Por: AMADEO GONZALEZ TRIVIÑO 

L

atinoamérica es una tierra que tiene una vieja tradición de explotación, de violencia y sobre todo, de asesinatos contra la población indígena, raizal, afrodescendiente, negra y de las comunidades en general, como una práctica que se multiplica con cierta complacencia de los diferentes modelos de Estado o de Gobierno, hasta el punto de que la muerte de lideres que buscan la defensa de sus comunidades, crece paulatinamente, sin importar el trasfondo que regenta cada una de sus naciones. 

En medio de todo este panorama de desolación, de desplazamiento y de sojuzgamiento contra las comunidades, se encuentra el gran negocio de los terratenientes, de la economía de la capital, de la tala de bosques, el narcotráfico y en ciertos países como Colombia, el creciente fortalecimiento de lo que en su oportunidad fue una de las puertas abiertas del contubernio entre las fuerzas armadas regulares y los grupos de derecha y ultraderecha conocidos como paramilitares, que en desarrollo armónico de una seguridad democrática y de una lucha frontal contra quienes reclaman sus mínimos derechos a la subsistencia, fueron exterminando a cientos y cientos de habitantes, y como era de esperarse, bajo la protección de la administración de justicia o las políticas internas de negociación con quienes operaban al margen de la ley. 

En el surcolombiano, al igual que en otras regiones de Colombia, encontramos replicas odiosas de esa guerra intestina, donde el cartel de la subversión estatal, a decir de unas expresiones del actual presidente, hicieron parte de una estrategia en un proceso doloroso que no puede perpetuarse, que debe reconocerse y que debe conducir al restablecimiento de sus derechos, esa situación lo llevó a pedir perdón y dijo a las víctimas de dichas masacres, palabras que deben replicarse y no olvidarse cuando advirtió: 

“En nombre del Estado les pido a las víctimas perdón. El Estado colombiano reconoce que los muertos no eran enemigos de nadie, era gente humilde y trabajadora, que los mataron porque sí, por designio del poder, y que en sus muertes, estuvo el Estado presente, fue cómplice del asesinato. El Estado a través de funcionarios públicos pagados con los impuestos de toda la sociedad colombiana ordenó matar y quiso ocultar los autores dentro y fuera del Estado de ese asesinato”. 

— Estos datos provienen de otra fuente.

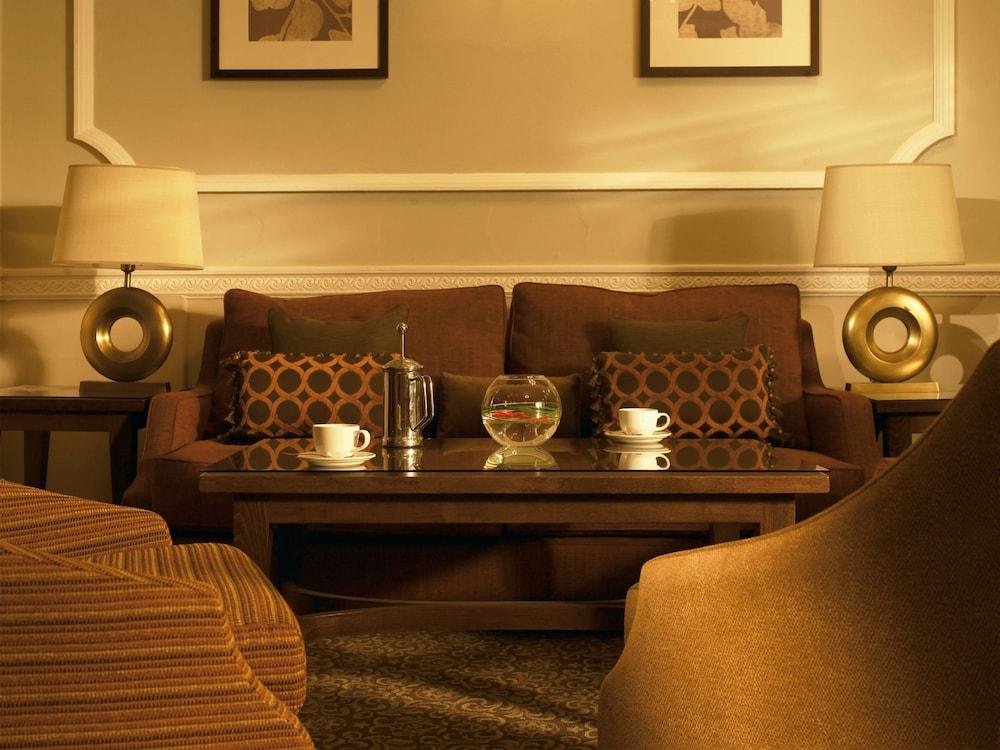 Macdonald New Blossoms Hotel Chester Extérieur photo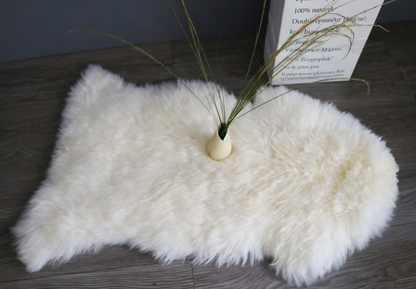 Plush Faux Fur Area Rug – Soft Fake Sheepskin Mat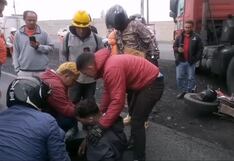 Trujillo: Motociclista salva de morir tras ser atropellado por un tráiler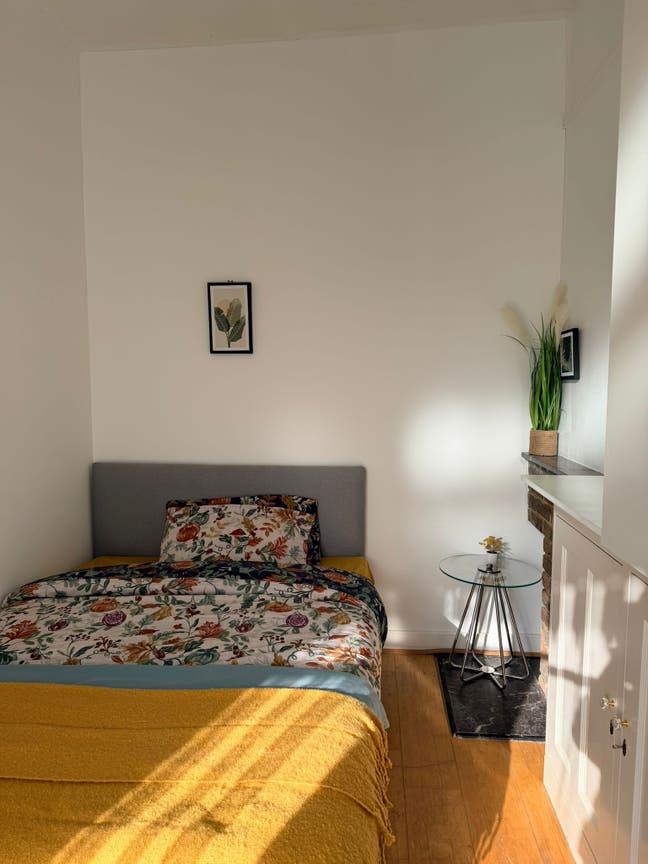 HP: Beautiful double rooms in Forest gate Main Photo
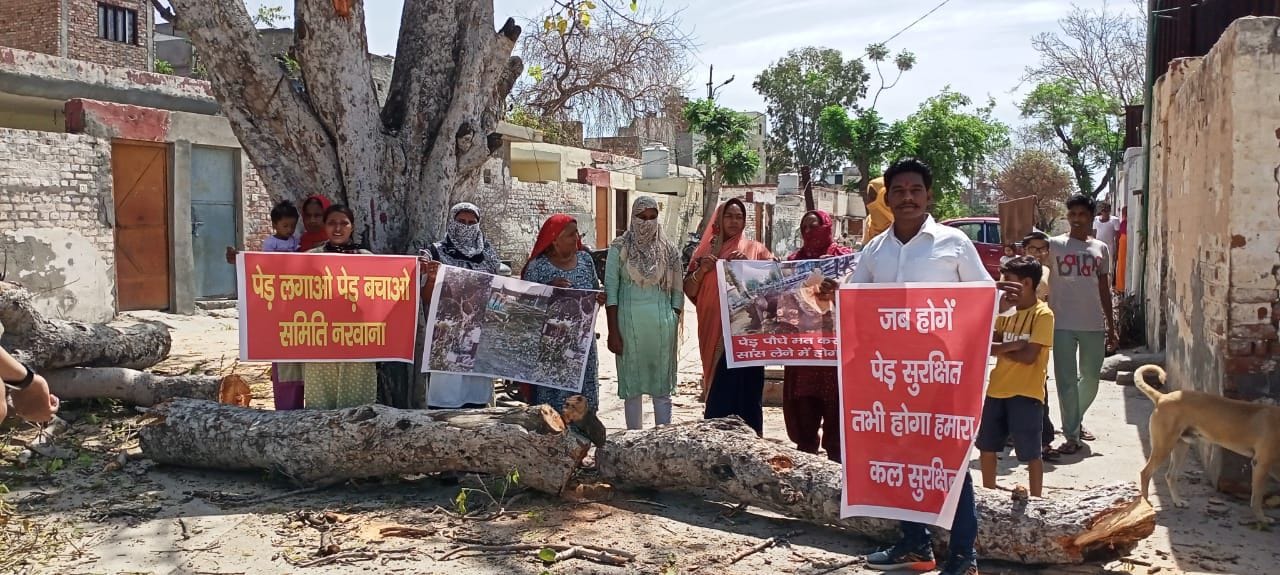 02जेएनडी27-रेलवे स्टेशन पर काटे गए पेड़ों के विरोध में प्रदर्शन करते रेलवे कॉलोनी के लोग। संवाद 02जेएनडी27-रेलवे स्टेशन पर काटे गए पेड़ों के विरोध में प्रदर्शन करते रेलवे कॉलोनी के लोग। संवाद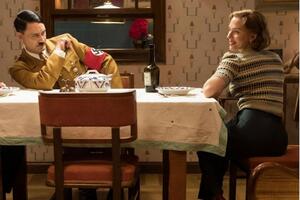 Йоханссон сыграла в ленте мать главного героя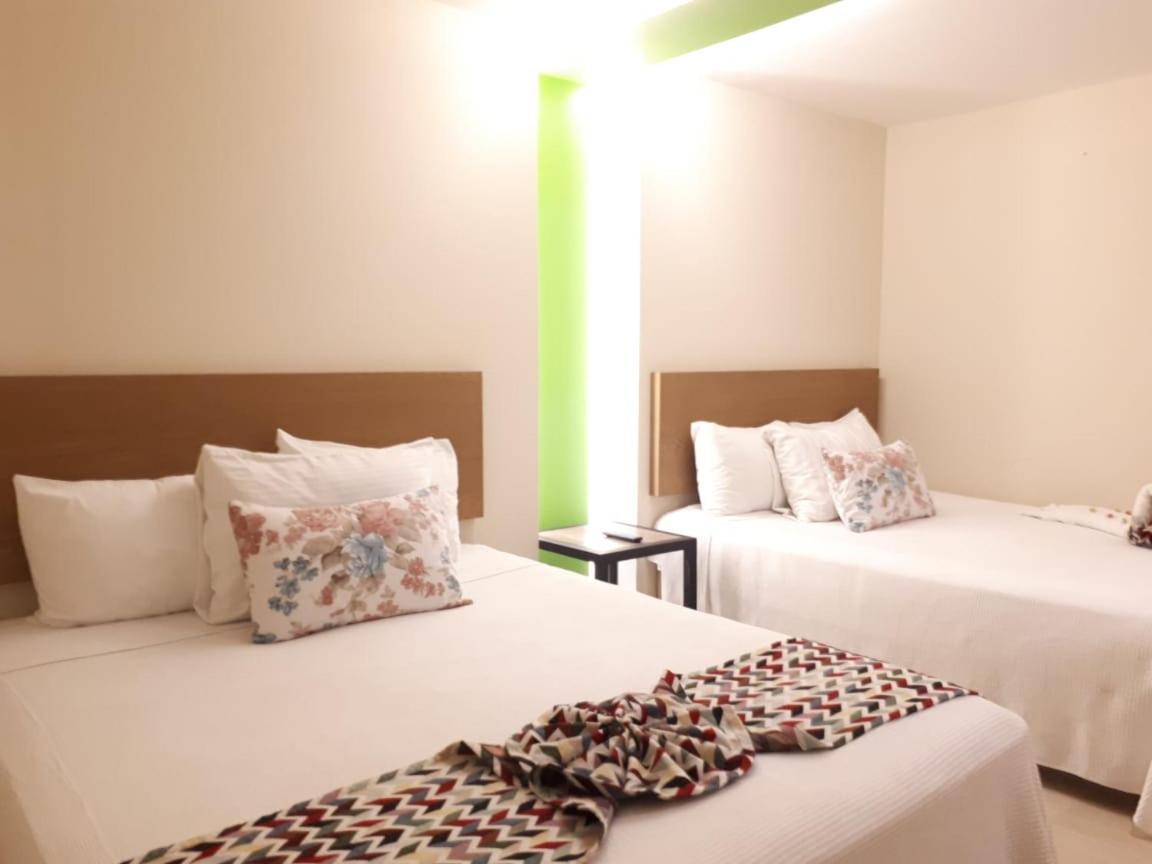 Brisas 10 Beachside Suites Канкун Екстериор снимка
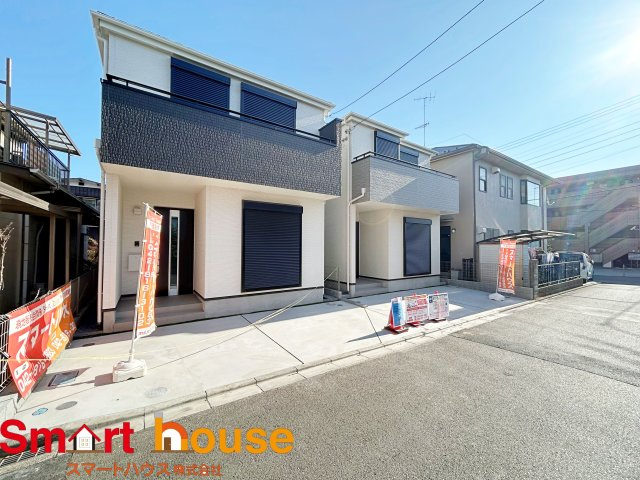 【前面道路含む現地写真】 | 相模原市南区相模台　新築2棟 | オシャレな外観は、人の目を引くだけではなく自慢したくなりますね！植木を置いたりアレンジは、自由です。自分の好みに仕上げましょう♪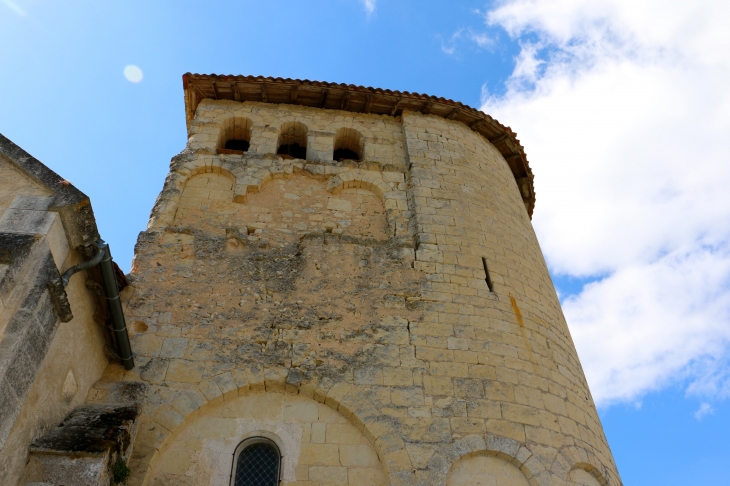 Eglise Saint Pierre ès Lien de Bouteilles. L'abside fut surélevée pour former avec le clocher un curieux donjon. - Bouteilles-Saint-Sébastien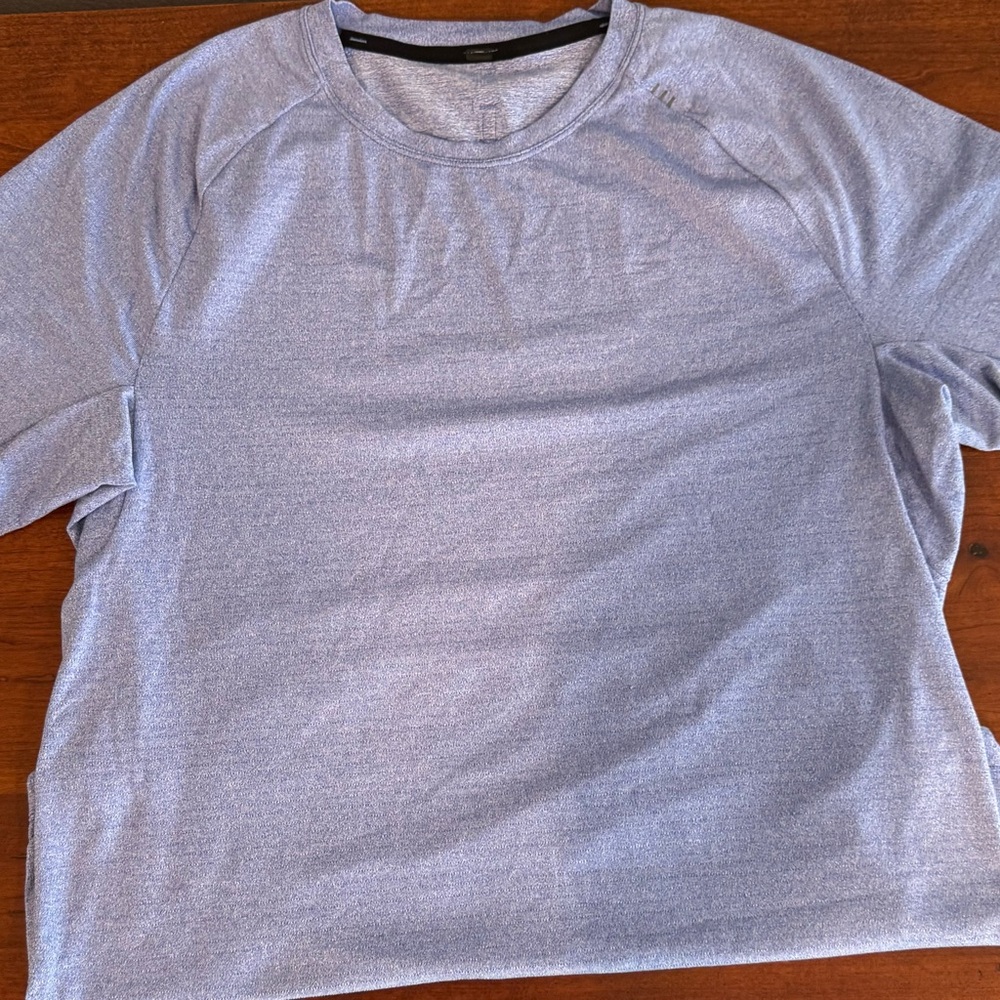 lululemon athletica Heathered Blue Short Sleeve Tee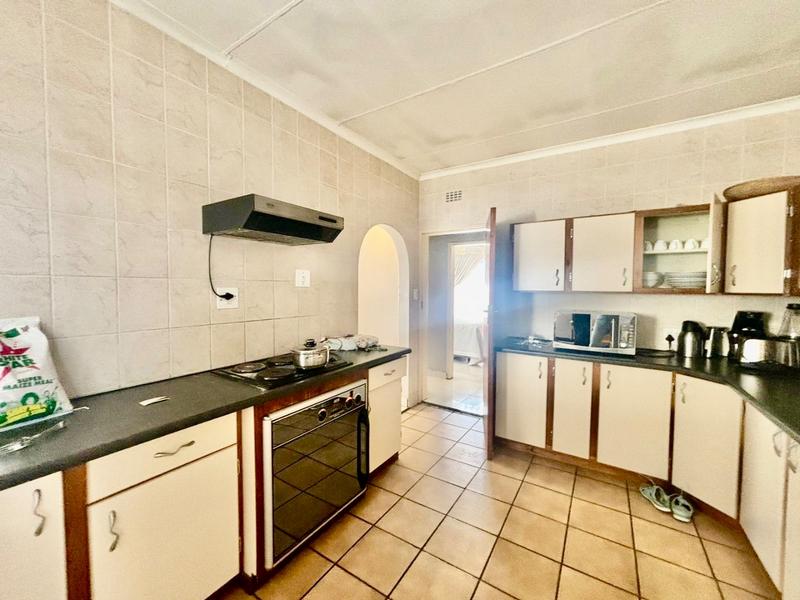 4 Bedroom Property for Sale in Vanderbijlpark SE 6 Gauteng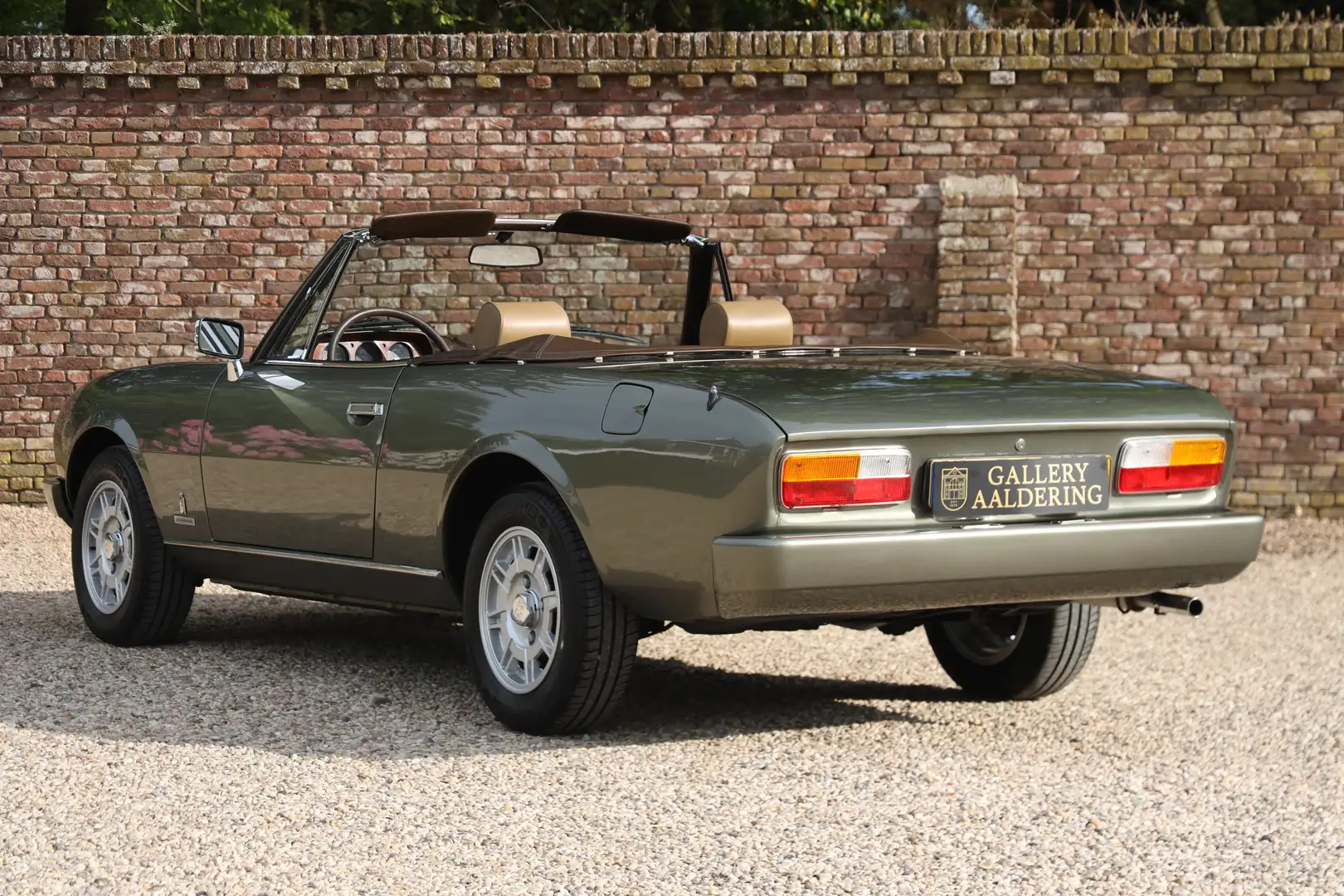 Peugeot 504 Cabriolet "Gris Fume métallisé" "Restored" at the Grün - 2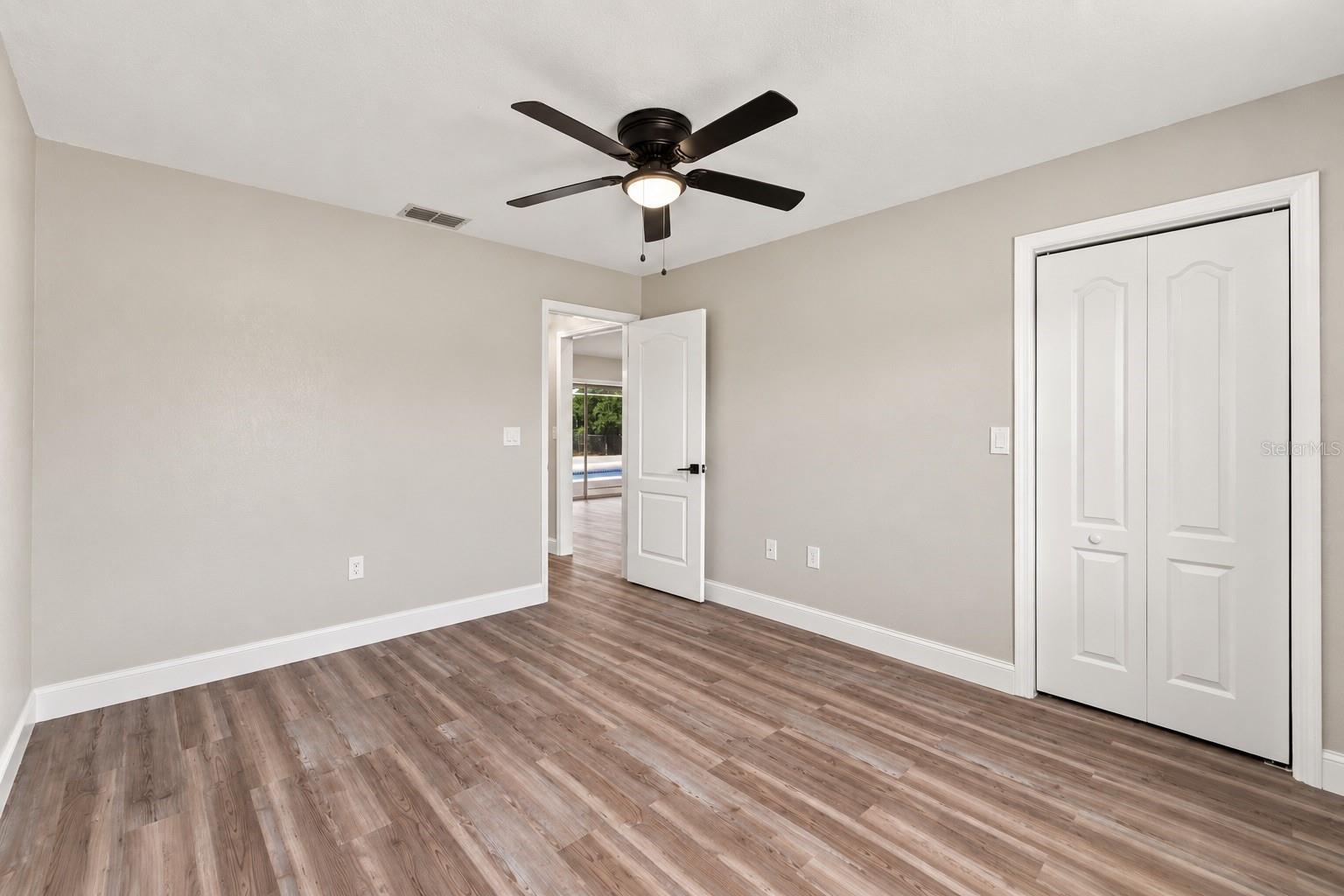 W7889769 Property Photo 20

Y querer afirmar que los mataron porque sí, es corto y nos queda una deuda. Los mataron porque reclamaron sus derechos, porque pretendieron en su momento, acreditar y demostrar que como seres humanos, necesitaban de ser escuchados, de ser atendidos, de ser vigilados y que se les garantizaran sus mínimos derechos, más allá de una Constitución Política de papel, que en simple letra y sin sentido, se dice que la vida prima sobre todo, que se tiene el derecho a la salud, a la educación, a la igualdad y al reconocimiento del otro, pero que como derechos no tienen la trascendencia y la eficacia de su efectividad, pues no existen los mecanismos de hacerlos valer o que sean garantes de su aplicación. 

Los terratenientes y los acumuladores de riqueza en el proceso de explotación, que pululan en todo este territorio y se van multiplicando más allá de nuestra propia realidad, son quienes han procurado, defendido y han terminado por ser los generadores de este tipo de situaciones, es por lo tanto que surgen las exigencias de construir entre todos una sociedad más justa, una sociedad donde todos tengamos la posibilidad o la oportunidad de disfrutar de los bienes o de las garantías que se demandan en el trabajo, en la salud y en la educación. 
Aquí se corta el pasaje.